*PROBLEM TO SOLVE*:
The output should consist solely of the lines running from the one that contains "May include: A" through the end of the records below, copied exactly.

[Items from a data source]
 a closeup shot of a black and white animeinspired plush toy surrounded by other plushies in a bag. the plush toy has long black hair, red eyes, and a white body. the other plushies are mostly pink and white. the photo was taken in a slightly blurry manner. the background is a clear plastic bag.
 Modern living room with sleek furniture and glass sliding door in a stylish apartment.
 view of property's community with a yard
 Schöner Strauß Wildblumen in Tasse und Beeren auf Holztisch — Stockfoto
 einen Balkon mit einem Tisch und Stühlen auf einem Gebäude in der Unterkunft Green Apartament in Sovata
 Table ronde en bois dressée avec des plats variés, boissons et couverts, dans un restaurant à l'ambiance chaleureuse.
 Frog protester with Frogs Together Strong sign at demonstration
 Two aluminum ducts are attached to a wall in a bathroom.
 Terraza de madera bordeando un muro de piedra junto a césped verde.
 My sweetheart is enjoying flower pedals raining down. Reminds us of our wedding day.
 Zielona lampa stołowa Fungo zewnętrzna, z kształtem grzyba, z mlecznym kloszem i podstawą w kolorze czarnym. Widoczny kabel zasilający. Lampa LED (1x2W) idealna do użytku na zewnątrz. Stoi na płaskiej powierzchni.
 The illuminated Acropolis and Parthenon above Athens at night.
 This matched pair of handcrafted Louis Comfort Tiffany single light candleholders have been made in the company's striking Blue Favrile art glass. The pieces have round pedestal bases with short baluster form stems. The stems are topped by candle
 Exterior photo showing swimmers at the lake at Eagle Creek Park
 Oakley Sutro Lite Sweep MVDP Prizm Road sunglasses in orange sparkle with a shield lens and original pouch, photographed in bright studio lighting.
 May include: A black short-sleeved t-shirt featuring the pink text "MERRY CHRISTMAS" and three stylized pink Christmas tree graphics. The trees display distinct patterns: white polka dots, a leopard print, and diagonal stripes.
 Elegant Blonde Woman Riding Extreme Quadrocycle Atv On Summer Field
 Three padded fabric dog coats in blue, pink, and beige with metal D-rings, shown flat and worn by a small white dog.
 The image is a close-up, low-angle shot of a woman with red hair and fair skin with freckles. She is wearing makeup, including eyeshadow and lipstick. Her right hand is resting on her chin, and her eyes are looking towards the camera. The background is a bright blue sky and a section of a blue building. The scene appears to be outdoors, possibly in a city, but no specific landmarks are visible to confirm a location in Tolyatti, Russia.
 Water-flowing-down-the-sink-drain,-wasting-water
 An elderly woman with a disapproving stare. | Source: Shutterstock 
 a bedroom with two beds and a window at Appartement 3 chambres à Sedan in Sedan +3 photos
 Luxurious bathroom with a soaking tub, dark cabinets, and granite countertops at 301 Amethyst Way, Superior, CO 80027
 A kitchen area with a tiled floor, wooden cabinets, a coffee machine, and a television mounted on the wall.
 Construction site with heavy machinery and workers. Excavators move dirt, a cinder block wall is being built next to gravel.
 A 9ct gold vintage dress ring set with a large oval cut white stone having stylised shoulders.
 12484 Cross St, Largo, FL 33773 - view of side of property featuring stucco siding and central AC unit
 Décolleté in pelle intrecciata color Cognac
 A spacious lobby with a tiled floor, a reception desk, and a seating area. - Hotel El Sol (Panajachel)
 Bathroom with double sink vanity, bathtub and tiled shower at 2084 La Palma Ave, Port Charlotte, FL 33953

*RESULT OF THIS EXERCISE*:
 May include: A black short-sleeved t-shirt featuring the pink text "MERRY CHRISTMAS" and three stylized pink Christmas tree graphics. The trees display distinct patterns: white polka dots, a leopard print, and diagonal stripes.
 Elegant Blonde Woman Riding Extreme Quadrocycle Atv On Summer Field
 Three padded fabric dog coats in blue, pink, and beige with metal D-rings, shown flat and worn by a small white dog.
 The image is a close-up, low-angle shot of a woman with red hair and fair skin with freckles. She is wearing makeup, including eyeshadow and lipstick. Her right hand is resting on her chin, and her eyes are looking towards the camera. The background is a bright blue sky and a section of a blue building. The scene appears to be outdoors, possibly in a city, but no specific landmarks are visible to confirm a location in Tolyatti, Russia.
 Water-flowing-down-the-sink-drain,-wasting-water
 An elderly woman with a disapproving stare. | Source: Shutterstock 
 a bedroom with two beds and a window at Appartement 3 chambres à Sedan in Sedan +3 photos
 Luxurious bathroom with a soaking tub, dark cabinets, and granite countertops at 301 Amethyst Way, Superior, CO 80027
 A kitchen area with a tiled floor, wooden cabinets, a coffee machine, and a television mounted on the wall.
 Construction site with heavy machinery and workers. Excavators move dirt, a cinder block wall is being built next to gravel.
 A 9ct gold vintage dress ring set with a large oval cut white stone having stylised shoulders.
 12484 Cross St, Largo, FL 33773 - view of side of property featuring stucco siding and central AC unit
 Décolleté in pelle intrecciata color Cognac
 A spacious lobby with a tiled floor, a reception desk, and a seating area. - Hotel El Sol (Panajachel)
 Bathroom with double sink vanity, bathtub and tiled shower at 2084 La Palma Ave, Port Charlotte, FL 33953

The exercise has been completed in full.